[Problem to work on]:
A full and exact copy of the listing that follows is needed.

[Information provided]:

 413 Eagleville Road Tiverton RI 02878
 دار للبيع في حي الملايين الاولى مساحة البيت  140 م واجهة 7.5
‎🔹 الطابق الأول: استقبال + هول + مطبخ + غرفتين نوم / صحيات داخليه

[Task result]:
 413 Eagleville Road Tiverton RI 02878
 دار للبيع في حي الملايين الاولى مساحة البيت  140 م واجهة 7.5
‎🔹 الطابق الأول: استقبال + هول + مطبخ + غرفتين نوم / صحيات داخليه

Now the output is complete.